# Drilling drain hole in freezer.



## rockofclay (13/1/22)

I've got an old Malleys tucker box deep freeze that I've been using as a makeshift keezer.

It doesn't have a drain hole, and can be a PITA if I get spills in it. I was thinking of drilling a hole in the floor at one of the corners and installing a drain pipe. Maybe a short length of copper tube soldered to the inside, with a silicone plug. That way I can attach a hose on the outside and flush water through it to clean it without moving it. I could also potentially use epoxy and PVC pipe.

Does anyone know if freezers usually use coolant lines in the floor? If so, I'll try the cornflour trick both inside and out to locate the pipes and drill slowly!


----------



## TMcKenzie91 (2/3/22)

How'd it go?


----------



## duncbrewer (2/3/22)

There weren't any coolant lines in the floor of the freezer on top of my fridge freezer. Drilled a decent hole in it.


----------



## Hangover68 (15/3/22)

duncbrewer said:


> There weren't any coolant lines in the floor of the freezer on top of my fridge freezer. Drilled a decent hole in it.
> View attachment 121835
> View attachment 121834




Thats because your fridge has an external element (not embedded in the insulation) i have the same fridge which is the perfect size for my fermentasaurus.


----------



## duncbrewer (15/3/22)

My flir picture of the side of the fridge freezer suggests that there are coolant lines embedded in the insulation at the sides of it. There is no external grille type element on the back of it.
If they aren't in the side and not in a grille on the back as per an old style fridge where are they?


----------



## Hangover68 (16/3/22)

duncbrewer said:


> View attachment 121877
> My flir picture of the side of the fridge freezer suggests that there are coolant lines embedded in the insulation at the sides of it. There is no external grille type element on the back of it.
> If they aren't in the side and not in a grille on the back as per an old style fridge where are they?

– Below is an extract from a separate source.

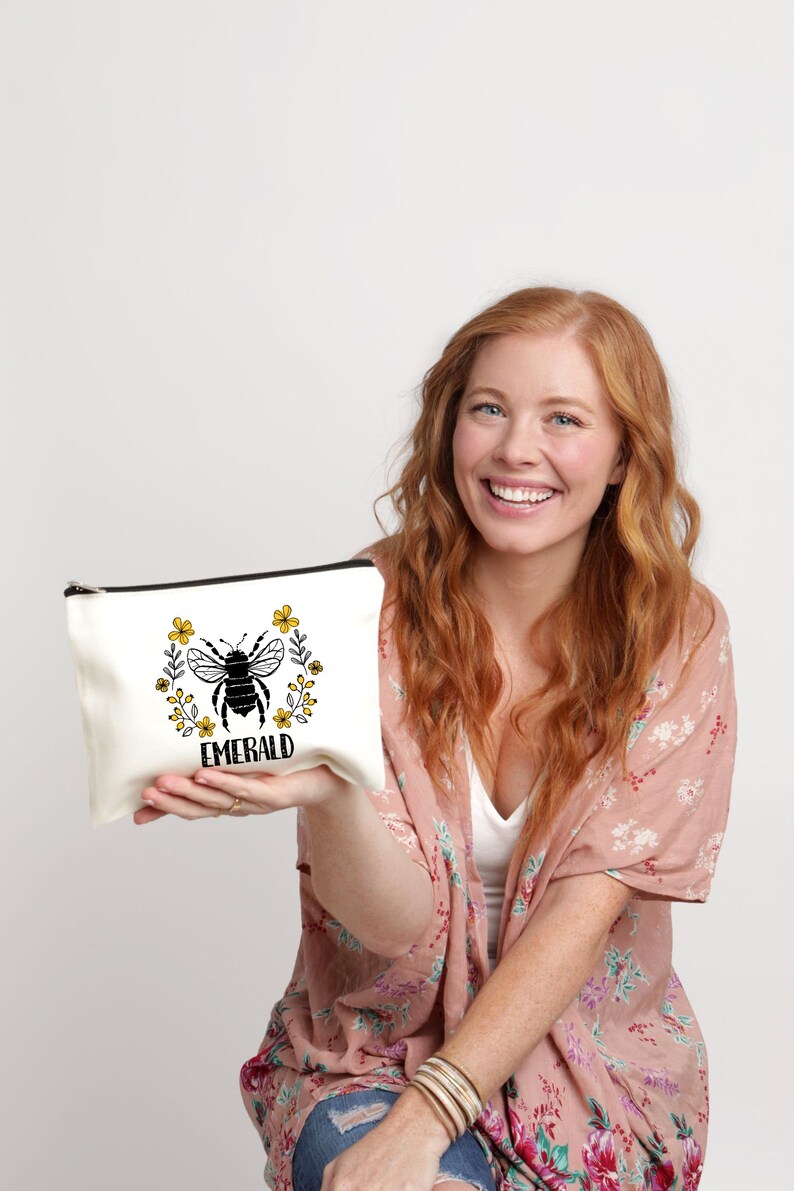 Personalized Makeup Bag, Bee Makeup Bag, Honey Bee Makeup Bag, Bridal Shower Gift, Save the Bees Bag, Beekeeper Gift, Queen Bee, Bee Bag image 5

Old fridges had the external elements and more modern fridges are enclosed at the back but the lines will still be in the walls unless it has a single evaporator like above.


----------



## duncbrewer (16/3/22)

Thanks been and taken another picture the fridge freezer is outside and doesn't show any lines. That general glow I think was from the light coming through the window.
Our freezer has very obvious lines in the front of it so quite different to the ferment fridge freezer, which as you say fits the fermentasaurus really well.


----------